I think I wrote last on Sunday, since when things have run a normal course. On Sunday we fired our tie in the Tile competition against the 1st. I. V. Staffs, but they were much too good for our blokes & in addition were firing on their own range.

On Monday we had a route march

Yesterday we got up a cross country run about 1 ½ miles to select a team to go in for an inter. battalion show later on. We got about 150 to start & about a half finished. I started them & kept with them & came in first, but as I had the sense to go on horse-back it didn’t count.

To-day we had some rather dull lectures on machine guns, but they didn’t tell us anything new

One of the Divisional Staff was worth watching, as he went obviously to sleep & then woke up with a start, hastily made a note in a large book & then went to sleep again.

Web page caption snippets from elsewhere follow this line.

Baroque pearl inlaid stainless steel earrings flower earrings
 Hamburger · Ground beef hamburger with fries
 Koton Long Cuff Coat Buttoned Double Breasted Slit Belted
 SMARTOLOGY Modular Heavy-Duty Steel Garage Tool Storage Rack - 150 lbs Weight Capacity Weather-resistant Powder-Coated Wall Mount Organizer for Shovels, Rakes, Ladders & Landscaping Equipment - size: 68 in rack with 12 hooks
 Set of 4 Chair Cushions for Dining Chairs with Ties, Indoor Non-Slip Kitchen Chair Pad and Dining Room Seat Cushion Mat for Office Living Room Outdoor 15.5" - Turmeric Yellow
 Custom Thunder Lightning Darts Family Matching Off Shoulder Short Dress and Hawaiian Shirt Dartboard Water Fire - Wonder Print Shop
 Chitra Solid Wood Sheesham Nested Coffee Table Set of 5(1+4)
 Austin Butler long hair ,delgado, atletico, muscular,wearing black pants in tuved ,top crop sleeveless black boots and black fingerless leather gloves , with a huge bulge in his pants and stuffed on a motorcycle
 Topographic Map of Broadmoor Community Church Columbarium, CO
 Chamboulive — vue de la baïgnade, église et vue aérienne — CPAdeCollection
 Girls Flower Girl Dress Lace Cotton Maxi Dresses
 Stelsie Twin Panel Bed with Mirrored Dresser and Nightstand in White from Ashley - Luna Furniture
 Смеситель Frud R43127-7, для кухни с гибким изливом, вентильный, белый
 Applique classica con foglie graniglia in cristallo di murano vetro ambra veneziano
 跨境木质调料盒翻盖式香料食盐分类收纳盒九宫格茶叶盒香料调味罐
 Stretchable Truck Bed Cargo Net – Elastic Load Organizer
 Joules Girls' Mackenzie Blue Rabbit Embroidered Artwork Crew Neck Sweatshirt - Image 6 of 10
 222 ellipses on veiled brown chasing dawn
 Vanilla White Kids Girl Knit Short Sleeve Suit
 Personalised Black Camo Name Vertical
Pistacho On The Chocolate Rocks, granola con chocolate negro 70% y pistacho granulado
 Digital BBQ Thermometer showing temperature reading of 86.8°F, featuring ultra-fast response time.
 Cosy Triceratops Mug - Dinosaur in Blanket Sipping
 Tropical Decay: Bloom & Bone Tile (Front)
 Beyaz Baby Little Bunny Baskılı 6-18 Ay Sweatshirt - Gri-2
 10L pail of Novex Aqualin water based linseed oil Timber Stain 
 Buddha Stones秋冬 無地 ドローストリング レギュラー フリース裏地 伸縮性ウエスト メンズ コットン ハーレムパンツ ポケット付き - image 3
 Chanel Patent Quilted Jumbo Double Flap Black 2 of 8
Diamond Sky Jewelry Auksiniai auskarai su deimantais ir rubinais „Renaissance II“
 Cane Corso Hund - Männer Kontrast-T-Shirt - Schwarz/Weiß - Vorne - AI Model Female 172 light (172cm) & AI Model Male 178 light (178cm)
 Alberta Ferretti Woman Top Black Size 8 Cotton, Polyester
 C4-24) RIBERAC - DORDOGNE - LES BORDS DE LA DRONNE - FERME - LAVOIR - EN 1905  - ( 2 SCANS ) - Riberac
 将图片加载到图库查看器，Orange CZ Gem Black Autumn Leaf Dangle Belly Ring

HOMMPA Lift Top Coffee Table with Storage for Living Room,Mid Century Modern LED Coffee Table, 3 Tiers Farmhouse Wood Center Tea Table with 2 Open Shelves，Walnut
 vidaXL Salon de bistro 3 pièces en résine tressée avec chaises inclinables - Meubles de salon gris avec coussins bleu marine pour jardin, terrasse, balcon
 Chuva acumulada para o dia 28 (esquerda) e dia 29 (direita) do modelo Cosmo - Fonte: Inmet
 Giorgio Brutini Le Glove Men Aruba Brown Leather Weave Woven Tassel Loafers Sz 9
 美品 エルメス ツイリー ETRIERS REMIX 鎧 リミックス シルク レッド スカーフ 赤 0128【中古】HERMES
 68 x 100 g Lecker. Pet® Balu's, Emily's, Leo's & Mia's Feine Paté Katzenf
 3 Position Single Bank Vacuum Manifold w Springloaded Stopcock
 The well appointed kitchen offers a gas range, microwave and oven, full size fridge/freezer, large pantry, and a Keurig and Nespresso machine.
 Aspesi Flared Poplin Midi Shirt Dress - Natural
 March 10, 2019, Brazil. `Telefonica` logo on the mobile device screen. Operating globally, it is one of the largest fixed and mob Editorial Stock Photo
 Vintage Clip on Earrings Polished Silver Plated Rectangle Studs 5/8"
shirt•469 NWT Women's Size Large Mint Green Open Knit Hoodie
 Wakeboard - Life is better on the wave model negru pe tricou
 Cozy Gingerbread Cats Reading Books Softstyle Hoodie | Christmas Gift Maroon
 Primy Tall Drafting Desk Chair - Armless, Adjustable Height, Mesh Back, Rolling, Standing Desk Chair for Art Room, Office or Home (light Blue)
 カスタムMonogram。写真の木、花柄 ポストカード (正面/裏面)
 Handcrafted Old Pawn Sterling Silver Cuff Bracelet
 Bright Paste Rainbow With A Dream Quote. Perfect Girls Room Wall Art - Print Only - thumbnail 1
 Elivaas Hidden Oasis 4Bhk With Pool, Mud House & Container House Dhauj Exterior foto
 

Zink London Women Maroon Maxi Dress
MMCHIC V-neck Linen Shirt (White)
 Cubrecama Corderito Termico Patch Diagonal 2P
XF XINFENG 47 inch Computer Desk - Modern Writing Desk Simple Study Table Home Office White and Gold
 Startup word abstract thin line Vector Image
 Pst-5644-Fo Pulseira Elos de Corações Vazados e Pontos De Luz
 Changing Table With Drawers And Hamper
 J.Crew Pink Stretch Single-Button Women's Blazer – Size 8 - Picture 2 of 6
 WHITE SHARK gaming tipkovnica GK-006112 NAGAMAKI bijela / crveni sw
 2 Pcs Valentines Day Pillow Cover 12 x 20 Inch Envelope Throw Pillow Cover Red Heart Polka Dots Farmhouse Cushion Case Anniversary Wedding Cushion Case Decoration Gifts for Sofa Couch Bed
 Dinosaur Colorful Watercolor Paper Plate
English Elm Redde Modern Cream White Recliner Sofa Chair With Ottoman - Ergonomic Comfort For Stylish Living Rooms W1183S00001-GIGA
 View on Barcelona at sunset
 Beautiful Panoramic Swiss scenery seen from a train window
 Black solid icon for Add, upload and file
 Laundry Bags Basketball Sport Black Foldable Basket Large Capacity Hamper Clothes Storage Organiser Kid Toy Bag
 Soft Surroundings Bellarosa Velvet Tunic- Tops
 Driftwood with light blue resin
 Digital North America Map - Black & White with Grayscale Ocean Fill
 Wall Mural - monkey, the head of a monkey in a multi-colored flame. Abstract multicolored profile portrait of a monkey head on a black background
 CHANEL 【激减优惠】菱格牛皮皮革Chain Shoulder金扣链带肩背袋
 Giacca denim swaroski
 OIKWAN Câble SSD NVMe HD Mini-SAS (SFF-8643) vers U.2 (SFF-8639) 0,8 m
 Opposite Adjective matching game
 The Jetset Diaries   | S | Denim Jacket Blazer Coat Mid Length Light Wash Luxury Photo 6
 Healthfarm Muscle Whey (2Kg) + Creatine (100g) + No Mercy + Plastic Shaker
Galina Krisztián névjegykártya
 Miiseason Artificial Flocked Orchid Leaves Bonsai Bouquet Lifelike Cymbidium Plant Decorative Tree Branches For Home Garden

The Staff surpass themselves sometimes. We have lately dug some trenches here which are copies of a German trench somewhere & are supposed to be typical – the idea being that when dug we should practise attacking them. As time is limited we have only dug them about 2 ft. deep & of course it is no use practicing an attack when you can see what everyone else is doing, to practicing one in trenches 8 ft. deep when you can see nothing. So the staff brilliantly suggest that the men should pull their caps over their eyes and be told put on their honour not to look around them. I think this is the G. O. C.’s brilliant idea & having given birth to it, he has gone on leave to recover & I don’t blame him.

Peter Bye has returned to-night so I shall resume my normal function’s to-morrow, when we are going to be gassed in a trench to see what its like

Lets hope my helmet tube gas G. S. No 1 hasn’t got a hole in it

Love to all

Jack.


Commentary

This is an interesting glimpse of the various things that a battalion did when training out of the lines. Peirs mentions a number of different activities: a shooting competition with a neighboring battalion, a cross-country run (of only 1.5 miles distance, which his men clearly had trouble completing, not Peirs though as he was on horseback), lectures, and the digging of a mock German trench. Peirs’s sense of humor comes through in the way in which he describes the staff and the ridiculous image of men pulling their caps over their eyes and with the curt way he ends the letter:

to-morrow … we are going to be gassed in a trench to see what its like. Lets hope my helmet tube gas G. S. No 1 hasn’t got a hole in it

Let’s hope so too.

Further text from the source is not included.